Job Title: Senior AWS Data Engineer
Location: Bangalore & Hyderabad (Hybrid)
Experience: 5-12 Years
The Role
We are looking for a Senior Data Engineer. Who will manage the high-availability AWS environments while building scalable ETL pipelines using AWS Glue (PySpark).
Responsibilities
- Infrastructure: Design and manage secure, scalable AWS environments (VPC, EC2, S3, RDS, IAM).
- Data Engineering: Develop AWS Glue ETL jobs (PySpark), manage Data Catalogs, and optimize S3 Data Lakes.
- Containers: Package and deploy workloads using Docker and EKS/ECS.
- Operations: Implement CloudWatch monitoring, troubleshoot Glue job failures, and optimize for cost/performance.
AWS Glue & Data Engineering
- Design, develop, and maintain AWS Glue ETL jobs using PySpark / Python.
- Build and manage AWS Glue Crawlers, Data Catalogs, and metadata structures.
- Implement batch and near-real-time ingestion pipelines into Amazon S3–based data lakes.
- Design efficient partitioning, schema management, and job performance tuning strategies.
- Handle error handling, retry logic, logging, and operational robustness of Glue jobs.
- Develop Glue Workflows and Triggers to orchestrate multi-step pipelines.
AWS-Native Data Platform Development
- Build data pipelines using Amazon S3 (raw, curated, consumption layers), AWS Glue, and Athena and/or Redshift for query and analytics access.
- Apply data modeling practices aligned to analytics use cases (curated / consumption-ready data).
- Support structured, semi-structured, and JSON-based data sources.
Data Governance & Quality
- Implement data quality checks and validation within Glue pipelines.

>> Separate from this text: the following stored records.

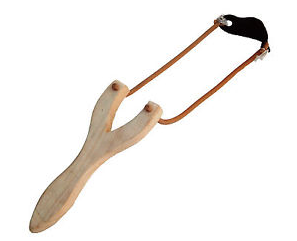 Screen Shot 2018-05-24 at 6.15.52 PM.png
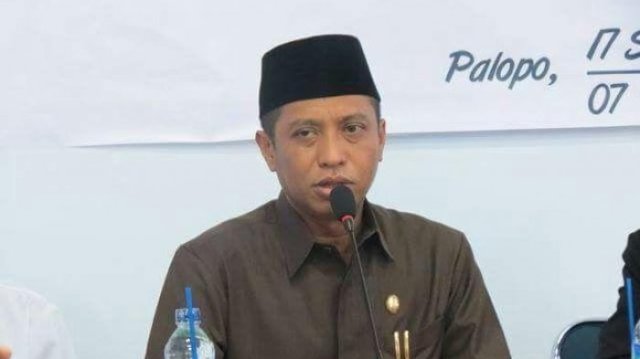 Besok, RMB Lepas Ratusan Pemuda Muhammadiyah ke Parepare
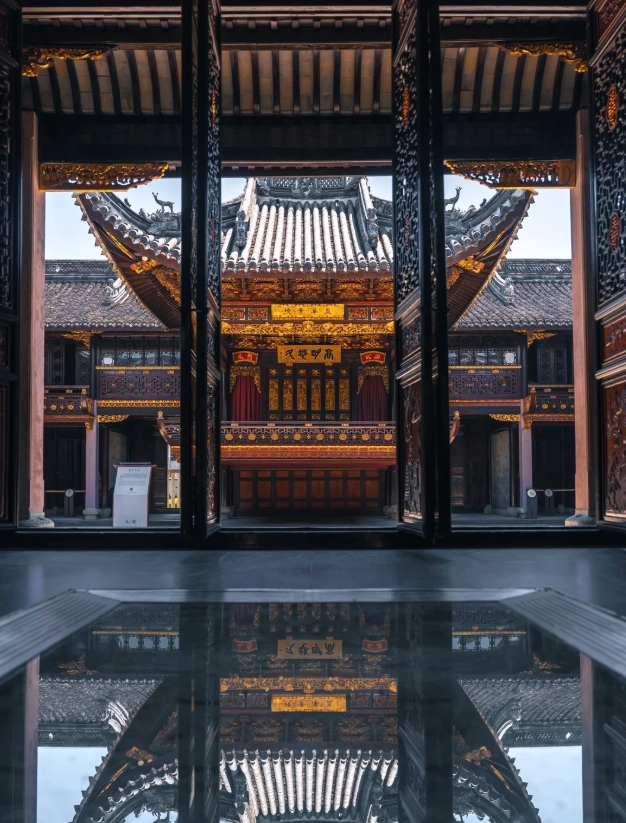 240 hour visa China 240 hour visa China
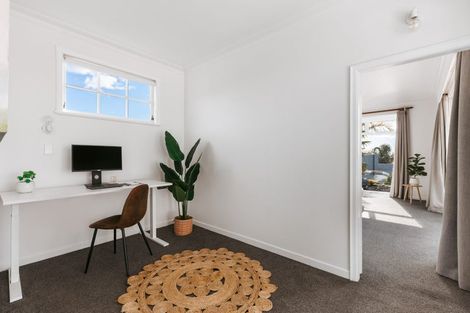 Photo of property in 15 Mersea Place, Maungatapu, Tauranga, 3112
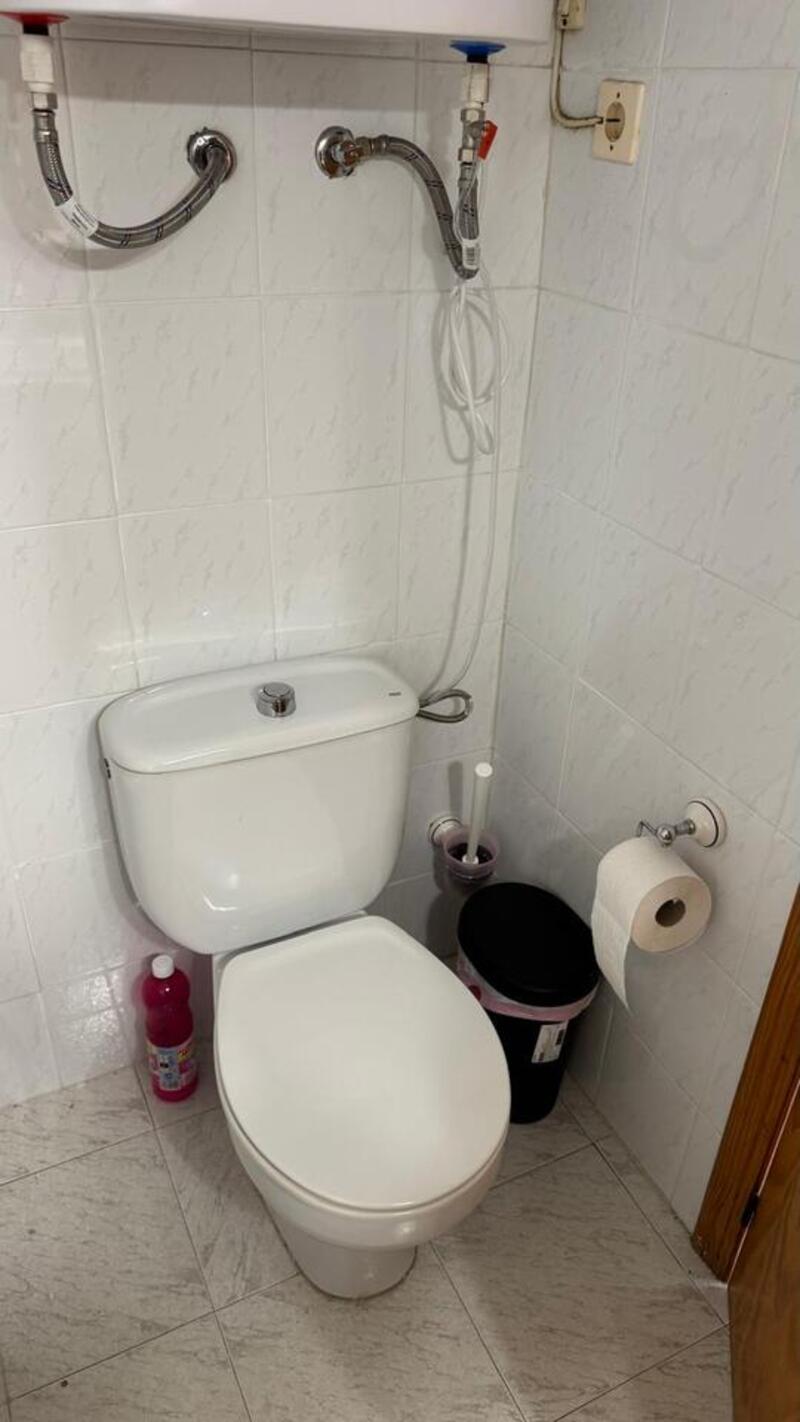 2 chambre Villa à vendre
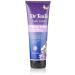Teal's Adults Body Lotion Melatonin & Essential Oils Night Sleep  8 oz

- Ensure schema evolution, backward compatibility, and controlled data changes.
- Apply IAM roles, permissions, and encryption standards for data access.
- Work with governance teams to support lineage, cataloging, and audit requirements.
Operational Support
- Monitor Glue jobs and data pipelines using CloudWatch logs and metrics.
- Perform troubleshooting, root cause analysis, and pipeline optimization.
- Ensure SLAs for critical data pipelines and analytics feeds.
Collaboration
- Partner closely with data product owners, BI teams, and downstream consumers.
- Translate business and analytics requirements into scalable technical solutions.
- Produce clear documentation for pipelines, datasets, and operational runbooks.
Required Skills & Qualifications
- 5+ years of experience in Data Engineering roles.
- Strong hands-on experience with AWS Glue (Jobs, Crawlers, Catalog, Workflows).
- Proficiency in Python and PySpark for ETL development.
- Solid experience with Amazon S3–based data lake architectures.
- Experience using Athena and/or Redshift for analytics consumption.
- Strong understanding of data partitioning, performance tuning, and cost optimization.
- Experience building production-grade, failure-tolerant data pipelines.